In reality, of course, it begins with Black Friday, the day after Thanksgiving. (Though much less now than it did when my folks had, and I worked in, a retail business. At that point we went to a seven-day week, twelve-hour days, until Christmas.)

Prior to that, there is no Christmas, and even the hint of holiday music gets snapped off the radio, TV ads with the theme turned off, etc.

(no subject)

Date: 2005-11-22 02:23 pm (UTC)
From: [identity profile] nuveena.livejournal.com

I'm definitely in the Day-After-Thanksgiving crowd. However, I usually get urges to start the Christmas shopping in October.

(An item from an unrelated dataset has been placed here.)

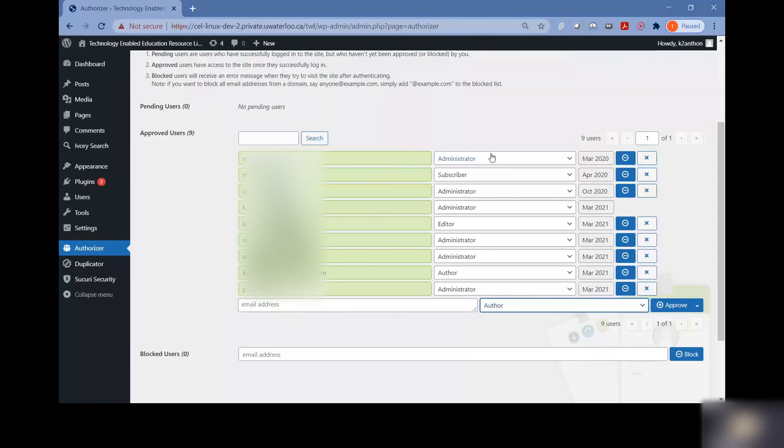Once you've done this, you can just have the person log in and you can check the video on how to log in for details on doing that. When they log in, they're just going to have to use their WATIAM user ID and password. So the same credentials that they use to log into WATIAM, just use those and they'll be able to enter the site.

This is probably pretty solidly in urban-legend territory, but there's a rumor going around that the reason they've started the Christmas marketing so early this year is that they want big sales before people realize how high their heating bills will be this year.

(no subject)

Date: 2005-11-22 05:27 pm (UTC)
From: [identity profile] eleri.livejournal.com
It's the Season when I can buy eggnog and candy canes :) I don't really do any celebrating or decorating until after Thanksgiving, though. Although I did finishe shopping way early this year.

(no subject)

Date: 2005-11-23 12:24 am (UTC)
From: [identity profile] blaisedec.livejournal.com
At the Carol Sing-a-Long at Darkover Grand Council, after we sing the Hallelujah Chorus around the pool at midnight Saturday night.